» **Problem details**
Using the entries below, output exactly the line containing "Fortified walls and" and all lines that follow it to the end.

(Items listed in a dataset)
»»
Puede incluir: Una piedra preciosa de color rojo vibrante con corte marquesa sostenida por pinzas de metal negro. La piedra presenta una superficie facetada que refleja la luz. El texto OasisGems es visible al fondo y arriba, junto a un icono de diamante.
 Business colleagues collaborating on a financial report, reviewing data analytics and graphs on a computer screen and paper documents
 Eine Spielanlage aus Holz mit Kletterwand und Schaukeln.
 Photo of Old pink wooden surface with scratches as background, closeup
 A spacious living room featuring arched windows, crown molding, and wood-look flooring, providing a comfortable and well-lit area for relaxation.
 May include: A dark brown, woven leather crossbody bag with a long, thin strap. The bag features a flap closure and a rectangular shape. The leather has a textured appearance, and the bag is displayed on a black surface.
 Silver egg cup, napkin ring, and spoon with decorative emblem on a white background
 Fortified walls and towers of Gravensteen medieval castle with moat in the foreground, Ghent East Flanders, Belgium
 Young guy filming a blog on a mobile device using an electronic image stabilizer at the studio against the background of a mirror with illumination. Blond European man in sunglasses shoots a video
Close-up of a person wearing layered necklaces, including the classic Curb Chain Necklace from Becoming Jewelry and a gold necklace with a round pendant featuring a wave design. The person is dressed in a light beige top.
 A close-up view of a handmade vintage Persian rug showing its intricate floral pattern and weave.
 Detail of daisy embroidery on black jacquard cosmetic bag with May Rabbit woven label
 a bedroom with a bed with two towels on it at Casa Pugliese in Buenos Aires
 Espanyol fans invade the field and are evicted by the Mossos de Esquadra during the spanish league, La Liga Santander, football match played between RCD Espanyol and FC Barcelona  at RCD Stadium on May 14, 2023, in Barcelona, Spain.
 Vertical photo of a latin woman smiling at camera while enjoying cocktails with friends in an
««
» **Solution to this exercise**
 Fortified walls and towers of Gravensteen medieval castle with moat in the foreground, Ghent East Flanders, Belgium
 Young guy filming a blog on a mobile device using an electronic image stabilizer at the studio against the background of a mirror with illumination. Blond European man in sunglasses shoots a video
Close-up of a person wearing layered necklaces, including the classic Curb Chain Necklace from Becoming Jewelry and a gold necklace with a round pendant featuring a wave design. The person is dressed in a light beige top.
 A close-up view of a handmade vintage Persian rug showing its intricate floral pattern and weave.
 Detail of daisy embroidery on black jacquard cosmetic bag with May Rabbit woven label
 a bedroom with a bed with two towels on it at Casa Pugliese in Buenos Aires
 Espanyol fans invade the field and are evicted by the Mossos de Esquadra during the spanish league, La Liga Santander, football match played between RCD Espanyol and FC Barcelona  at RCD Stadium on May 14, 2023, in Barcelona, Spain.
 Vertical photo of a latin woman smiling at camera while enjoying cocktails with friends in an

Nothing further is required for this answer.